Note that this argument works verbatim for matrices over $\mathbb{R}$ or any nondiscrete normed field. In fact, for an arbitrary field $k$, if one works instead with the Zariski topology on $M_n(k)$, then what we really need is for any cofinite subset of $k$ (i.e., the complement in $k$ of some finite set) to be dense in the Zariski topology. This is true iff $k$ is infinite. If $k$ is finite, the Zariski topology on $M_n(k)$ is discrete, and the result is false.

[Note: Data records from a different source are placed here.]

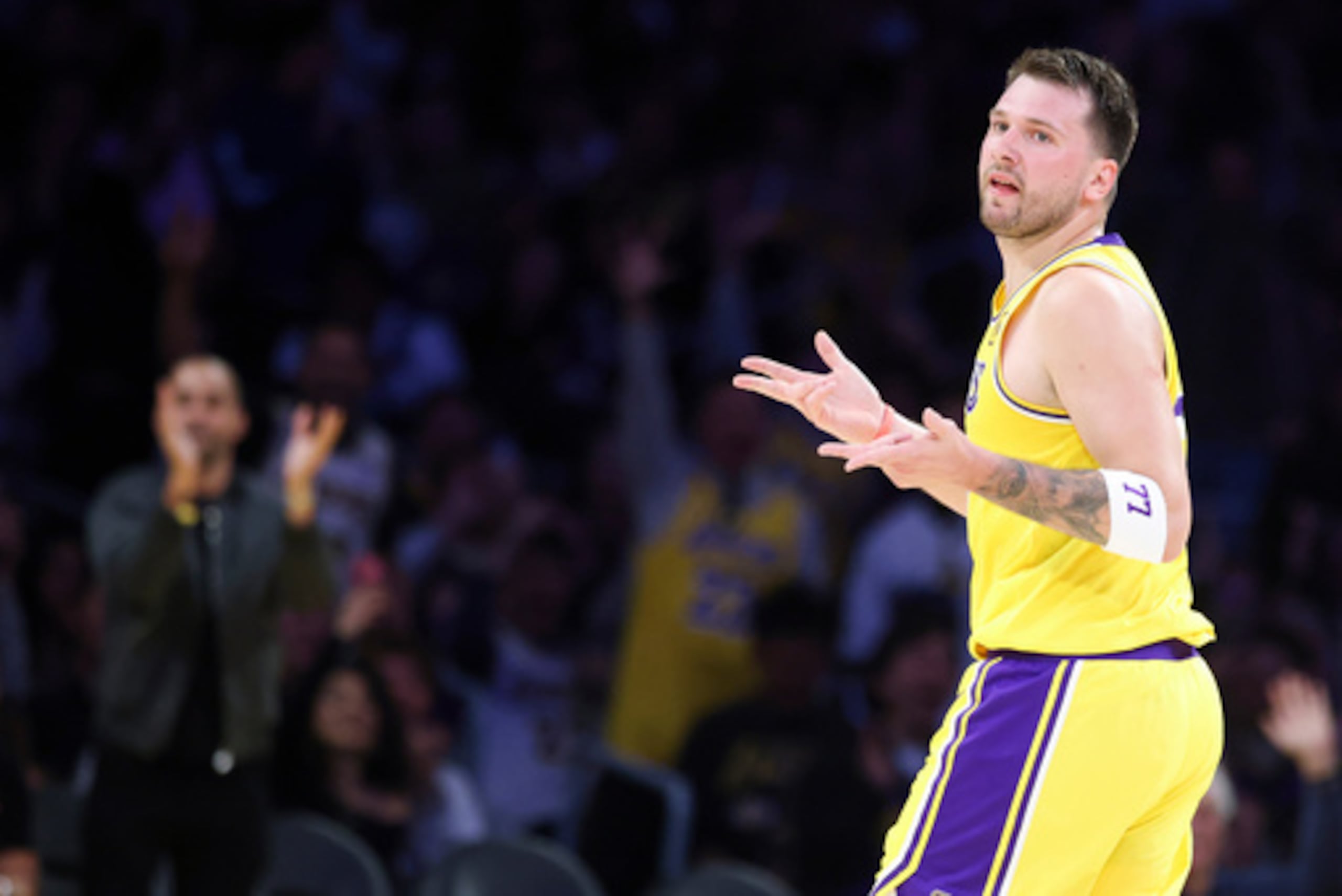 El esloveno Luka Doncic, de los Lakers de Los Ángeles, festeja tras conseguir un triple en el duelo del viernes 20 de febrero de 2026 ante los Clippers de la misma ciudad (AP Foto/Jessie Alcheh)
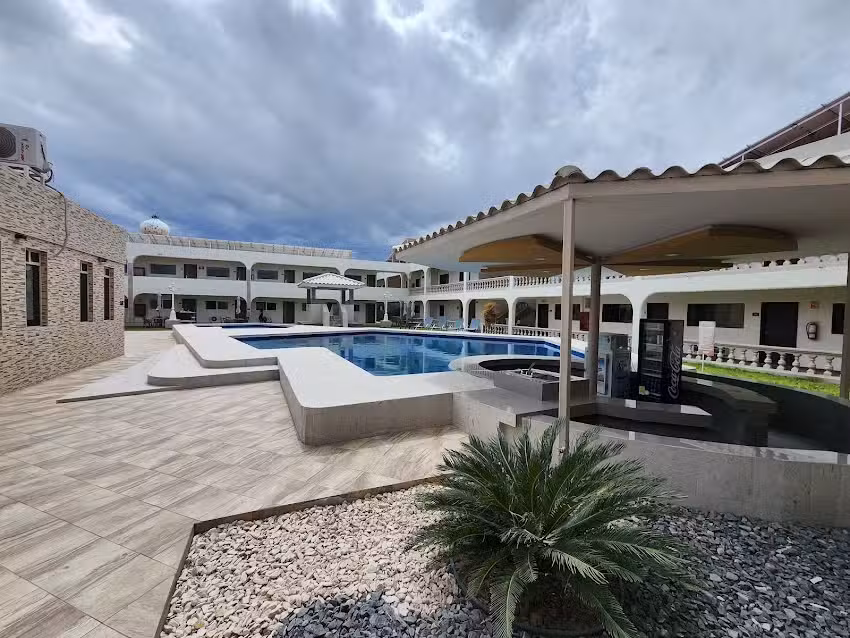 KAVIA Hotel & Suites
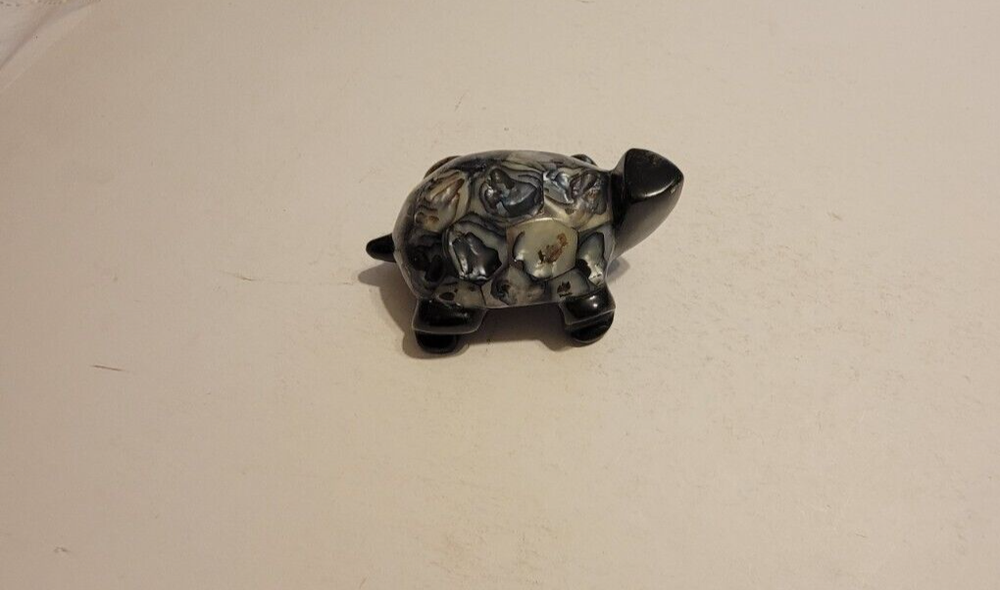 COLLECTIBLE 5-INCH BLACK STONE & ABALONE SHELL TURTLE NICE!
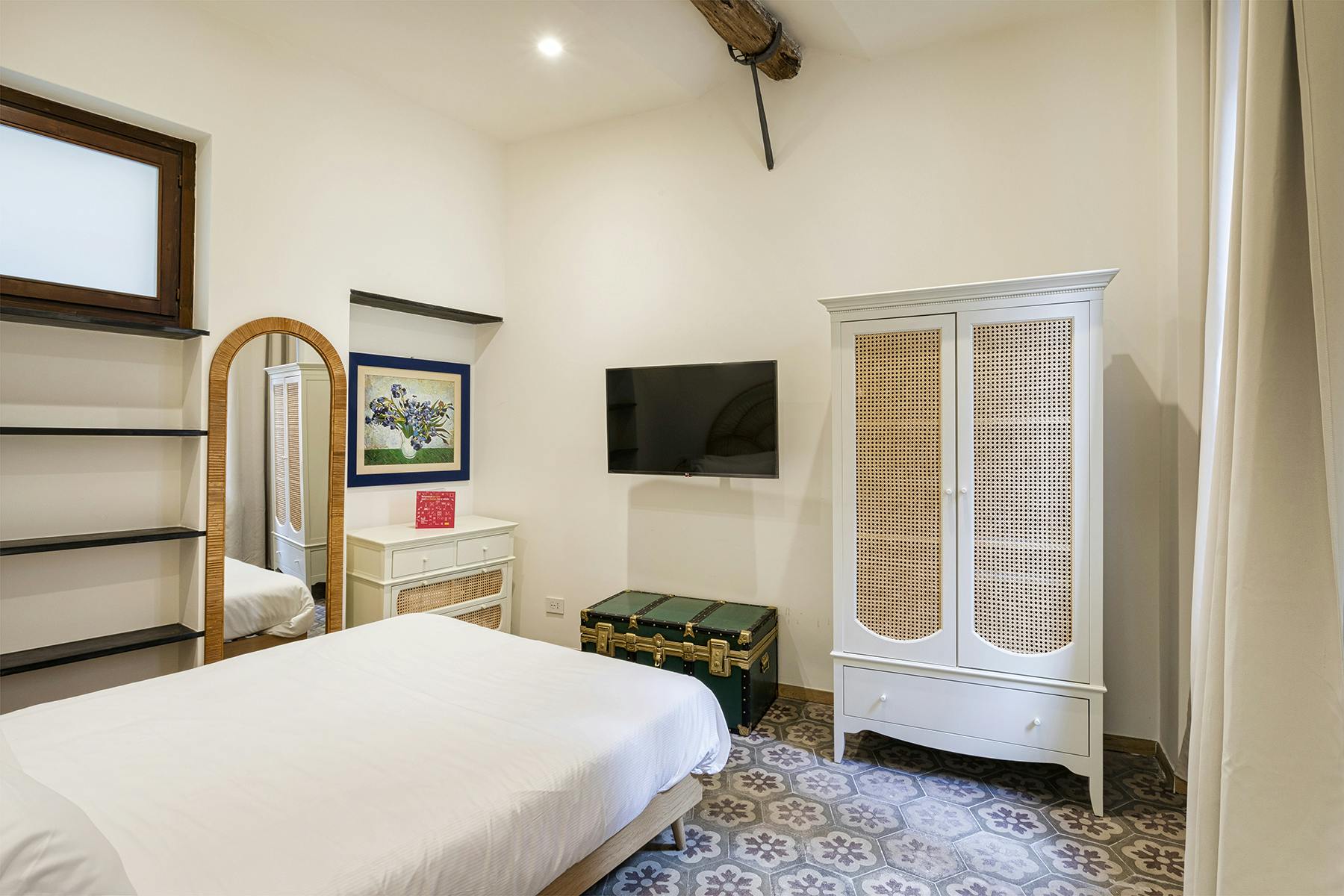 preview gallery tile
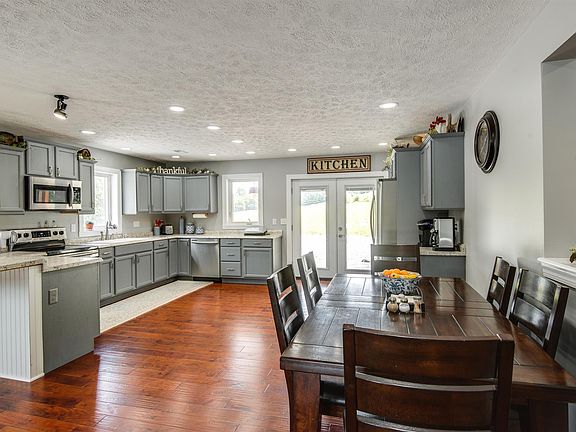 5th image of 328 Curtis Hollow Ln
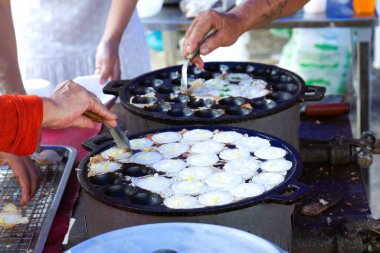 Şekerler kalıptan çıkarıldı..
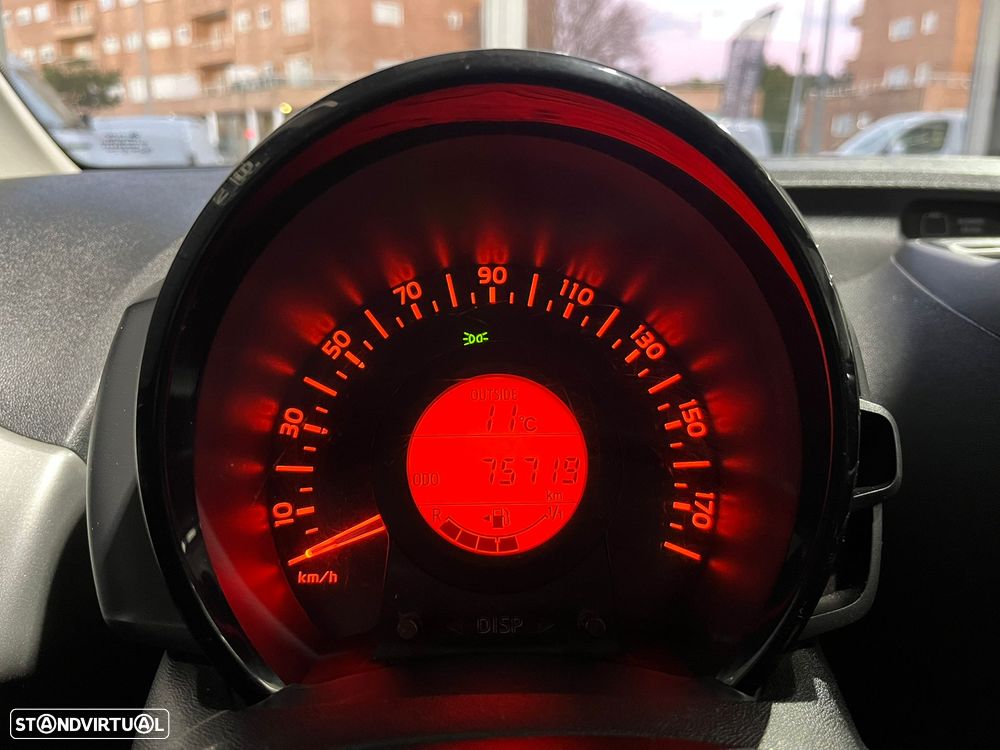 Citroën C1 1.0 VTi Shine - 24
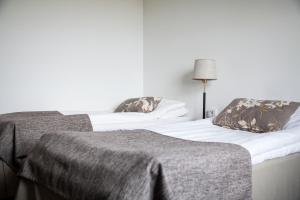 
A bed or beds in a room at Hjortviken
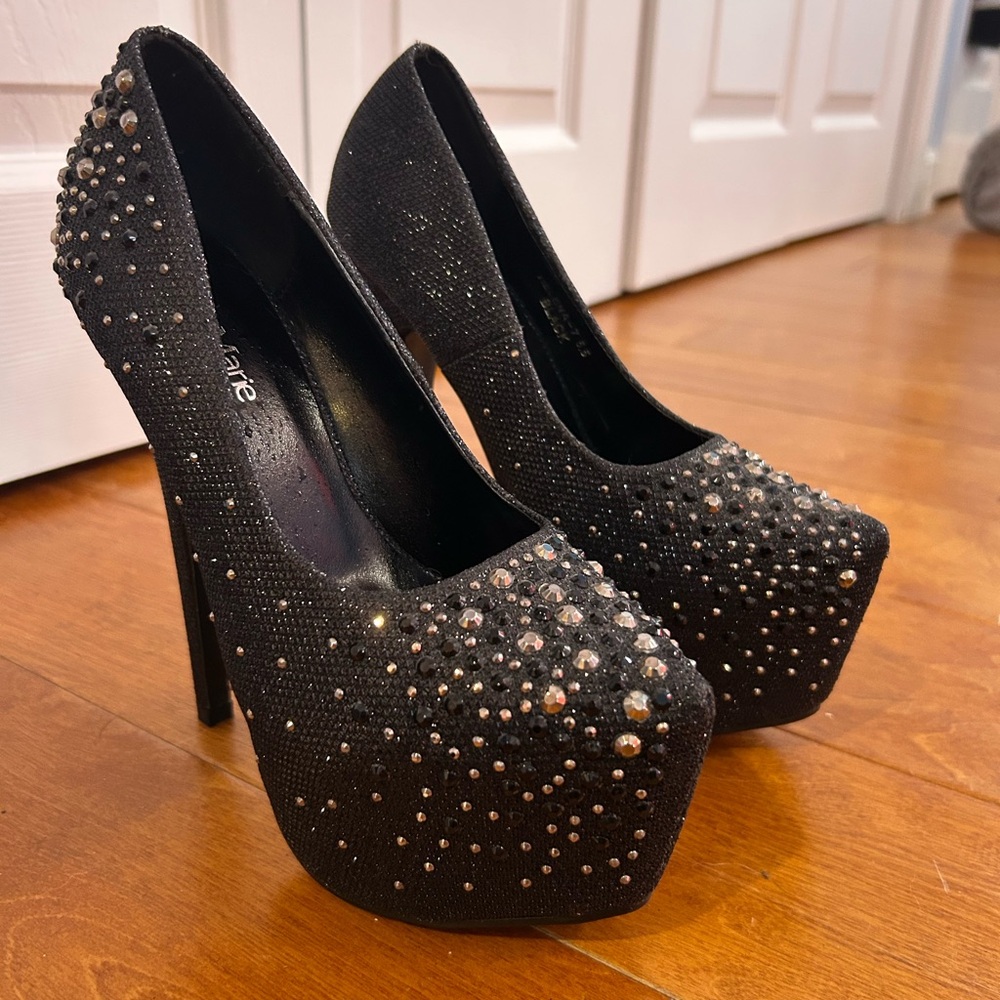 Bella Marie Black Rhinestone Platform 6” Heels - 
Size 5.5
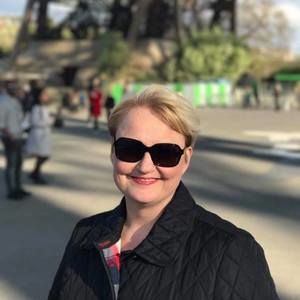 Meet your Posher, Sheila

Added: A fun application of this "linear algebraic perturbation perspective" is to show that $\operatorname{GL}_n(\mathbb{C})$ is connected (whereas $\operatorname{GL}_n(\mathbb{R})$ is not). Hint: by general nonsense, it is equivalent to show path-connectedness, so try that instead. If I am trying to find a path from point $A$ to point $B$ in the complex plane, requiring that my path avoid a finite set of points is not nearly as problematic as it would be on the real line!

Solution 2:

The amount of algebraic geometry needed to prove the denseness of $GL_n({\Bbb C})$ is indeed very minimal.

The topology of $M_n({\Bbb C})$ comes from its obvious identification with ${\Bbb C}^{n^2}$. The complement is the zero set of the determinant which is a polynomial in the $n^2$ entries of the matrix. The zero set of a polynomial cannot have inner points: if a polynomial vanishes on an open ball, its Taylor expansion centered at any point of the ball is identically 0, and by analicity the polynomial vanishes identically. Therefore there are no proper closed subsets of $M_n({\Bbb C})$ containing $GL_n({\Bbb C})$.

Solution 3:

Yes, it is both open and dense. One way to show it is open is by considering the determinant. Alternatively, the set of invertible elements of any Banach algebra is open (and $M(n,\mathbb{C})$ is a Banach algebra if you give it any submultiplicative norm), which follows from the fact that if $a$ is invertible and $\|a-b\|\lt \frac{1}{\|a^{-1}\|}$, then $b$ is invertible. One way to show it is dense is to consider the fact that $a\in M(n,\mathbb{C})$ has only a finite set of eigenvalues.

Solution 4:

For the denseness part, one way to look at is this: A matrix is in $GL_n({\mathbb C})$ iff its rows are linearly independent over ${\mathbb C}$. So what you need to show is that given any matrix $M$ and an $\epsilon > 0$, you can perturb each entry by less than $\epsilon$ (in magnitude) and end out with linearly independent rows.

Or you can appeal to algebraic geometry and say that $det(M) = 0$ defines an algebraic variety which therefore has measure zero. But of course this is pretty advanced :)